Silly Question - Does a centre speaker need to go in the centre?

hawksa

Standard Member
I am considering buying a Denon AVR1910 and pairing it with a set of Kef2005.3 speakers. My LCD TV is mounted on a chimney breast above a multi fuel stove. Heat is not a problem for the tv as the heat from a stove is radiated from the back. I have a solid oak beam underneath the tv with is 4" high and 6" deep.

My original plan was put the centre speaker on the oak beam. Problem is that the Kef centre speaker will be as deep as the beam and I'm not sure how this will look. Also although the tv is protect from the heat of the stove, I would be worried about a speaker on the beam.

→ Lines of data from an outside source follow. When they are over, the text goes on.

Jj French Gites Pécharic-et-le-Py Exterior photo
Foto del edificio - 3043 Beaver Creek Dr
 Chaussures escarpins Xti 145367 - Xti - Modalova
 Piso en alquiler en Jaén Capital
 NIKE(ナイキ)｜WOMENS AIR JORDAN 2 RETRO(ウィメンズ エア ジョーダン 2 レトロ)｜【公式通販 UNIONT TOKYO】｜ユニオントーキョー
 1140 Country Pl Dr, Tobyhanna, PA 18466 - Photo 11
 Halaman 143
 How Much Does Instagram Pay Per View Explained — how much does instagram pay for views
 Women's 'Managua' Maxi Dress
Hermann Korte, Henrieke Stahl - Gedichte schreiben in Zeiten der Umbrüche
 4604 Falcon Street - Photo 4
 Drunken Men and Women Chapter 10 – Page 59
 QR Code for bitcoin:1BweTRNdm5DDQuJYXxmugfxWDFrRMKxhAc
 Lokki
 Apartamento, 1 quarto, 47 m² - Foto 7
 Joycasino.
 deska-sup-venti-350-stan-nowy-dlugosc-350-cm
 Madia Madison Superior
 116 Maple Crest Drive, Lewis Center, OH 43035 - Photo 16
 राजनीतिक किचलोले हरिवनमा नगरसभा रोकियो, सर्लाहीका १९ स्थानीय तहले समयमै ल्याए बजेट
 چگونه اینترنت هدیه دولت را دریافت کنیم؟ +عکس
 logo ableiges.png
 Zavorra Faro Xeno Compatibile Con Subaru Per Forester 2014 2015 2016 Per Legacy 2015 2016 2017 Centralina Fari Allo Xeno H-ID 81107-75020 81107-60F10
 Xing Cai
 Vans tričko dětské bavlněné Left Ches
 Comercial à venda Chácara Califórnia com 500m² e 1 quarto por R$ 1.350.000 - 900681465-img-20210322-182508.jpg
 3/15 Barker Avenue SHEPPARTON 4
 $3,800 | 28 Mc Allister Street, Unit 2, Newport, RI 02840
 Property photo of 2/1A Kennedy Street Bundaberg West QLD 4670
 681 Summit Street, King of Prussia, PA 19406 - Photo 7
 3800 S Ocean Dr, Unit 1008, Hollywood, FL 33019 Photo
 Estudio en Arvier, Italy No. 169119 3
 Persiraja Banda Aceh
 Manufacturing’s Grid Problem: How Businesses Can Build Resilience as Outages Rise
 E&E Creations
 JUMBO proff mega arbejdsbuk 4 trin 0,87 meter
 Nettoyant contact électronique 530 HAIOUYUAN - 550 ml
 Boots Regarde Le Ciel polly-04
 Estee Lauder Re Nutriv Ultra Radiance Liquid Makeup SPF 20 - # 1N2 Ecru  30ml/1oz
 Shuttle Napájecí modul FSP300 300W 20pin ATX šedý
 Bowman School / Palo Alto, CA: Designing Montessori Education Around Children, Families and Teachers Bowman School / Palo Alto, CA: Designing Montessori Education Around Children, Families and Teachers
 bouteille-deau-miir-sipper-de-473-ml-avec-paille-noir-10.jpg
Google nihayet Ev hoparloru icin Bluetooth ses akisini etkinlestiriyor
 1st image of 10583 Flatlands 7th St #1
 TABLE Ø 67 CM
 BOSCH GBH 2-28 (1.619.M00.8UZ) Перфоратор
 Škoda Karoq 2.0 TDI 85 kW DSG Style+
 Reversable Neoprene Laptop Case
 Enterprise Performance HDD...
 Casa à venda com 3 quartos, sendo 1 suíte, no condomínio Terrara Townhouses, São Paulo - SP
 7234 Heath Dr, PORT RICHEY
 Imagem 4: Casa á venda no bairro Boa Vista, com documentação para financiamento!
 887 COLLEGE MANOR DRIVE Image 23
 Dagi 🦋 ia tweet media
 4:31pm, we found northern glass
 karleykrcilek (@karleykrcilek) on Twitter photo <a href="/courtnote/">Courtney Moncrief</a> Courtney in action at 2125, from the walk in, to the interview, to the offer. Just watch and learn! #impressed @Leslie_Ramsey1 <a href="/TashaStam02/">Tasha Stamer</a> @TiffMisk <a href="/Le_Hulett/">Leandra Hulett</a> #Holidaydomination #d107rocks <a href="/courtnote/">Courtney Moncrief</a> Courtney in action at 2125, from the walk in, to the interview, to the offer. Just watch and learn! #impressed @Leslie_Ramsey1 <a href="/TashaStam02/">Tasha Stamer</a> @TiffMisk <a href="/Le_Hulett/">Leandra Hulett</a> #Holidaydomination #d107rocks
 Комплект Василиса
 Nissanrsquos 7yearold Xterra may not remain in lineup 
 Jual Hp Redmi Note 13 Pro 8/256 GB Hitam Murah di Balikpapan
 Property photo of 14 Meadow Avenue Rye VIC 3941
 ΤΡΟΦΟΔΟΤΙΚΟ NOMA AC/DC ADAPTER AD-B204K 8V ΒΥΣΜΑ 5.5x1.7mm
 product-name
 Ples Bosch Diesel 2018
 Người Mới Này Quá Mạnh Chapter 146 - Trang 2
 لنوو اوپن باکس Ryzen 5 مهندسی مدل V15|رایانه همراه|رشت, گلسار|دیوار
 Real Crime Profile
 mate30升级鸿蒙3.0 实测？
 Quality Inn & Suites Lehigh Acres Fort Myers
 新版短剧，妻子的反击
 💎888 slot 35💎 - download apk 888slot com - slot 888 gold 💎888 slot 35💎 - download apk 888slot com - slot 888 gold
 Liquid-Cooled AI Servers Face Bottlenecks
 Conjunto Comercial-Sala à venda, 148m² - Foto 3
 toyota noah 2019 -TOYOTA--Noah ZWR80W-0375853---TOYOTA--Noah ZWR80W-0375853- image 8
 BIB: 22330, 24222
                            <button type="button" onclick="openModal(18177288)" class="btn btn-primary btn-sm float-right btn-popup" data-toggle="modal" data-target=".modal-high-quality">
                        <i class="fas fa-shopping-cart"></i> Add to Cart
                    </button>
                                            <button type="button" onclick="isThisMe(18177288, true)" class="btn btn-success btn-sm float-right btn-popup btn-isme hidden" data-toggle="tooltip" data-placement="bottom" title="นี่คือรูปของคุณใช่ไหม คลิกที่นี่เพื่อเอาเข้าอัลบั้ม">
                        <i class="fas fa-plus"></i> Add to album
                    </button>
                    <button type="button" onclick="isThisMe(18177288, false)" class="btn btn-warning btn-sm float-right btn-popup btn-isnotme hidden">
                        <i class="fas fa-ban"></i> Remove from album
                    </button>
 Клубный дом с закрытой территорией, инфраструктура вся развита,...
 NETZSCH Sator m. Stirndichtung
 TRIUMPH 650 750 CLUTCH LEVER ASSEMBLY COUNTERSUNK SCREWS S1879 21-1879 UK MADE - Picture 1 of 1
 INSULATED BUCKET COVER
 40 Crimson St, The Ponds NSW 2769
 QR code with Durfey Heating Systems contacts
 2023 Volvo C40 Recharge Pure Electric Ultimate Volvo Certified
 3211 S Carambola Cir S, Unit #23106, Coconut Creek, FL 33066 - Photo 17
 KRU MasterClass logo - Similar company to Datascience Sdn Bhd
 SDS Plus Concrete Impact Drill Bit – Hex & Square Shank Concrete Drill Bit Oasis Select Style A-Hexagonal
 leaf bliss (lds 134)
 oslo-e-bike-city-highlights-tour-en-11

Would it be possible to have the centre speaker to the side of the chimney breast? Is there any clever setup in the amp to cater for this?

Regards,
Simon.
 

PSM1

Distinguished Member
The centre speaker ties all the vocals and sound effects to the screen. Putting it to one side is going to give you a very funny effect with all the voices etc seeming to come from one side of the screen. The reciever will not be able to compensate for this although if you do not have a centre in can create the illusion of a centre speaker (phantom) from the L/R speakers.
You would be better to put the speaker above the screen and central than put it to one side. If this can not be done then I would not have a centre at all but let the L/R speakers create a phantom centre instead.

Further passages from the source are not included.